**Provided records**
=-=-=-=-=

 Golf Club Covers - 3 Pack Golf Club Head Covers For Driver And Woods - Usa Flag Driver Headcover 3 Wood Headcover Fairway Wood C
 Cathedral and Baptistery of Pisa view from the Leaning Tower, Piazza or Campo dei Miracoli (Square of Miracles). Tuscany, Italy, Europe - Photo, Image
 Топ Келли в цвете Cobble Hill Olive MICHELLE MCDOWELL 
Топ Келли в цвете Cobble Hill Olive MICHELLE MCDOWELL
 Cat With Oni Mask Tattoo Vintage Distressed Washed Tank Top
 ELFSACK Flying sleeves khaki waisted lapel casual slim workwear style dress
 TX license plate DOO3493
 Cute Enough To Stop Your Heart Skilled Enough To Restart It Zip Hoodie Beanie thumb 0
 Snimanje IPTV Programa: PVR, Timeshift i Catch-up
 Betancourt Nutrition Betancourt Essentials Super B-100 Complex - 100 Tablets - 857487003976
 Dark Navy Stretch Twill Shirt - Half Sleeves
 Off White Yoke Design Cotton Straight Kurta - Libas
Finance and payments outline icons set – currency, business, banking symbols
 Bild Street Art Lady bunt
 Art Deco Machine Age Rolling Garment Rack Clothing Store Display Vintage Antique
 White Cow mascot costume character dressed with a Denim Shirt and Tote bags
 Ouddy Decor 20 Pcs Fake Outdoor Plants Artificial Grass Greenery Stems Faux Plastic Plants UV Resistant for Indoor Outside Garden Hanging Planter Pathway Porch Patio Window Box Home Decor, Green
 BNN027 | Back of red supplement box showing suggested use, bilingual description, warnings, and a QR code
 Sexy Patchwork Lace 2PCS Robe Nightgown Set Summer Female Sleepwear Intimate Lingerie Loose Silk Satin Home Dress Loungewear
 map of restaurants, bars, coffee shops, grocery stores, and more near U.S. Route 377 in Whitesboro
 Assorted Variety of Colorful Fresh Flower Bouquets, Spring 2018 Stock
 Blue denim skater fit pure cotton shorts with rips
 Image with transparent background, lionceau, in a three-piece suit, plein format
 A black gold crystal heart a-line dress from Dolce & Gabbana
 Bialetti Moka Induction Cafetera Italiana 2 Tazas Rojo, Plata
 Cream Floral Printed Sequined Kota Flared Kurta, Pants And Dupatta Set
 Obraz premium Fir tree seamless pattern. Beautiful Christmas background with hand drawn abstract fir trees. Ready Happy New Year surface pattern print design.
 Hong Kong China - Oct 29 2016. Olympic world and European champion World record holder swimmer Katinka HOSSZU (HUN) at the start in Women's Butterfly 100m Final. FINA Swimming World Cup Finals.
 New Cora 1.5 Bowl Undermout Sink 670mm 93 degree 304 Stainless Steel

=-=-=-=-=

**Task requirements**
Only one span is wanted. It runs from the first line of the listing through the line with "map of restaurants, bars, coffee", and each line must match exactly.

**Your solution**
 Golf Club Covers - 3 Pack Golf Club Head Covers For Driver And Woods - Usa Flag Driver Headcover 3 Wood Headcover Fairway Wood C
 Cathedral and Baptistery of Pisa view from the Leaning Tower, Piazza or Campo dei Miracoli (Square of Miracles). Tuscany, Italy, Europe - Photo, Image
 Топ Келли в цвете Cobble Hill Olive MICHELLE MCDOWELL 
Топ Келли в цвете Cobble Hill Olive MICHELLE MCDOWELL
 Cat With Oni Mask Tattoo Vintage Distressed Washed Tank Top
 ELFSACK Flying sleeves khaki waisted lapel casual slim workwear style dress
 TX license plate DOO3493
 Cute Enough To Stop Your Heart Skilled Enough To Restart It Zip Hoodie Beanie thumb 0
 Snimanje IPTV Programa: PVR, Timeshift i Catch-up
 Betancourt Nutrition Betancourt Essentials Super B-100 Complex - 100 Tablets - 857487003976
 Dark Navy Stretch Twill Shirt - Half Sleeves
 Off White Yoke Design Cotton Straight Kurta - Libas
Finance and payments outline icons set – currency, business, banking symbols
 Bild Street Art Lady bunt
 Art Deco Machine Age Rolling Garment Rack Clothing Store Display Vintage Antique
 White Cow mascot costume character dressed with a Denim Shirt and Tote bags
 Ouddy Decor 20 Pcs Fake Outdoor Plants Artificial Grass Greenery Stems Faux Plastic Plants UV Resistant for Indoor Outside Garden Hanging Planter Pathway Porch Patio Window Box Home Decor, Green
 BNN027 | Back of red supplement box showing suggested use, bilingual description, warnings, and a QR code
 Sexy Patchwork Lace 2PCS Robe Nightgown Set Summer Female Sleepwear Intimate Lingerie Loose Silk Satin Home Dress Loungewear
 map of restaurants, bars, coffee shops, grocery stores, and more near U.S. Route 377 in Whitesboro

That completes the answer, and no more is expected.